In Philosophy, there's the concept of Russell's Teapot: an example which acts on the example of "disproving the existence of a tea kettle floating around Saturn"
It's a reference to the fact that some things that are ridiculously unlikely but are also ridiculously hard to prove.
The thing is, though, that this doesn't mean they are impossible to prove.
However, there are two ways I'm aware of to disprove Russell's Teapot, and a third way that doesn't apply to the teapot itself, but some similar claims.
The first is the long way - to disprove at each possible instance. In the case of a tea kettle, take the space of a tea kettle, and simultaneously search a grid of the entire orbit around Saturn with a grid resolution of that size, and if there are no tea kettles, then it is disproven.
The second is the induced way... to find some claim about about the subject in question that doesn't match what is possible, and it requires some impossible aspect of the claim. In the case of the tea kettle, it would be specifically designating a tea-kettle as a human-made object, and going through all human space flights to show that none have put a kettle in orbit around Saturn. Although not as absolute, it's still pretty solid proof.

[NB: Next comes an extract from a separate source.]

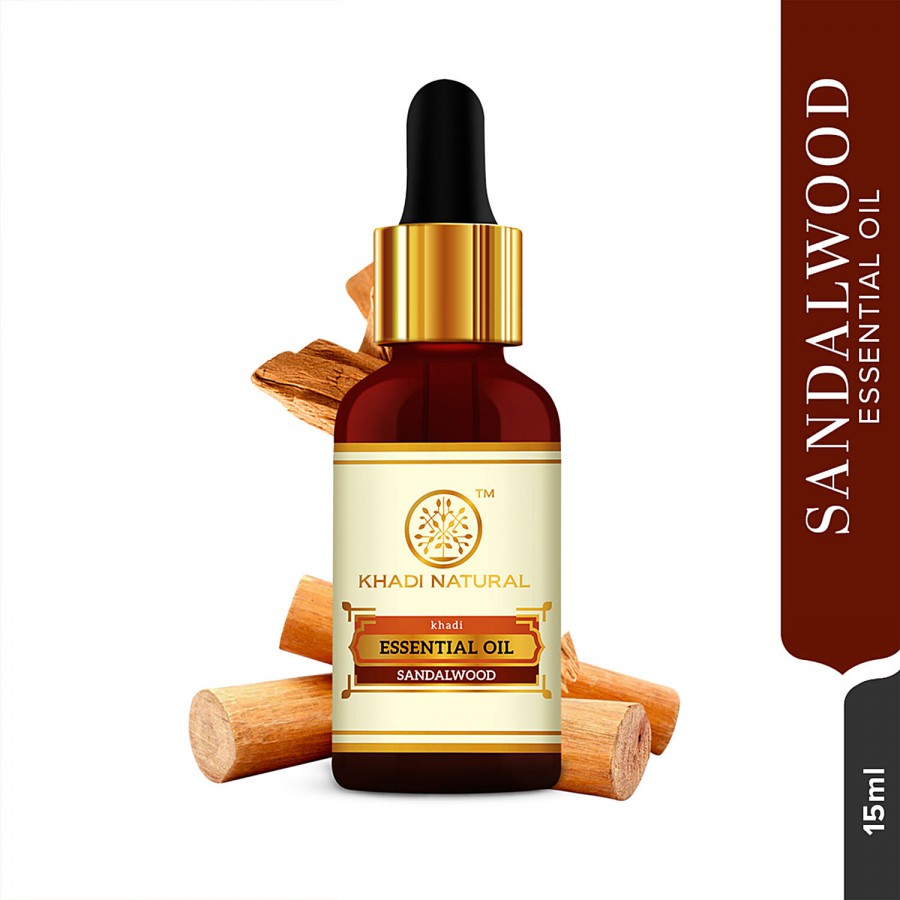 Khadi Natural Sandalwood Essential Oil - Revitalizes Mind & Soul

The third way is if the definition of the "teapot" itself is somehow fully accessible by definition. For example, if instead of a Teapot, Russell's proof said, "a magical lamp that instantly creates a copy of itself in the hands of anyone who dons cream colored pants and a hat." At which point you could disprove the existence of this particular lamp that floats around Saturn using any person that puts on cream colored pants and a hat and seeing that the kettle doesn't suddenly appear in their hands.
All cases of a "Russell's teapot" scenario require at least one full coverage in some aspect to prove or disprove...

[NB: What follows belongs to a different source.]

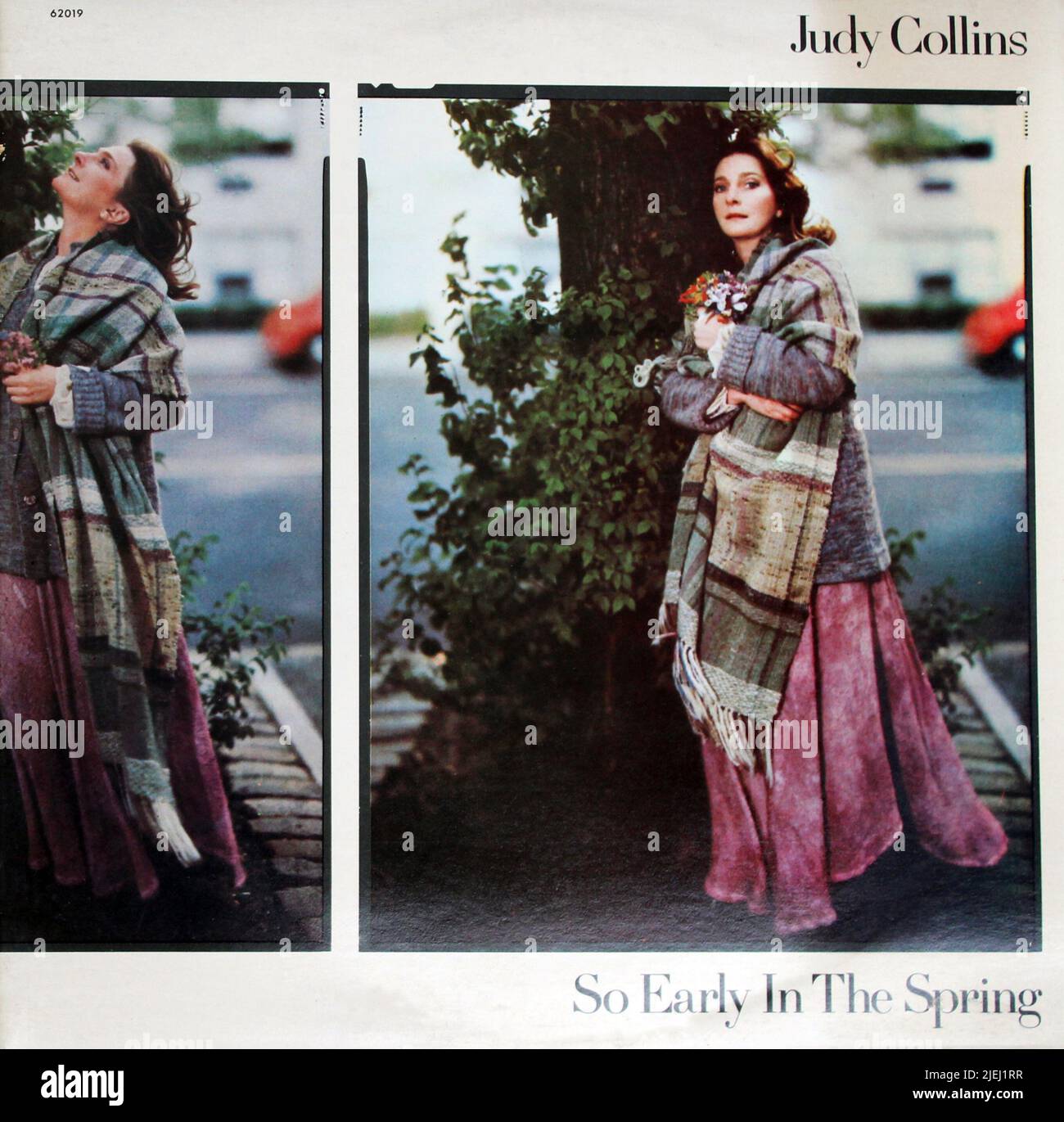 Judy Collins: 1977. double LP front cover: 'So Early In The Spring, The First 15 Years' Stock Photo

- Full coverage of Saturn in the first example (Coverage of affected)
- Full coverage of teapots in space second example (Coverage of concept)
- The Definition including a disprovable full coverage in the third (Coverage of Definition)
Each case, however, will require having a very firm definition of the subject matter. If you're trying to philosophically debate someone on the topic of the supernatural or paranormal, unless it's a purely academic philosophical debate (such as an online religion debate), they're likely going to be highly resistant to actually making a concrete definition and following it to its logical conclusions.
However, for a philosophical debate, the above proofs should be sufficient, even if 1 & 2 are generally impractical for most debates.
In non-philosophical debates, sadly, the solid philosophical proof usually doesn't "prove to people" (in no small part because many people don't fully grasp logic), and frequently people just want to be right without going through the effort to become right.
The times I've had this particular debate in regards to the paranormal with someone, the best I got was "whatever the definition is in the dictionary"... this was an "easy" philosophical solution, as the dictionary I looked it called the supernatural 'outside of what is natural', and then I looked up natural and it was 'not man-made', thereby meaning all man-made things are supernatural by definition... this did not sit well with the person I was debating with.
However, not a philosophical proof against the supernatural, but a physics one making use of full coverage (proof method 2), is CERN's experiments with particle physics. If you consider the supernatural being active non-physical things that influence the physical world, CERN has tracked every particle capable of interacting with fermions (basically, what we're made of), so we are fully aware of all physical interactions with humans - something a soul or ghost would have to do... aannnndd... none of them were potential methods for human interactions by ghosts/souls/etc.
Another argument is that, if you consider humans natural, as "in nature or deriving from nature" is another definition of natural, then anything that exists is, by definition, natural. Therefore, by definition, the supernatural simply doesn't exist, as supernatural becomes a synonym for imaginary or non-existing.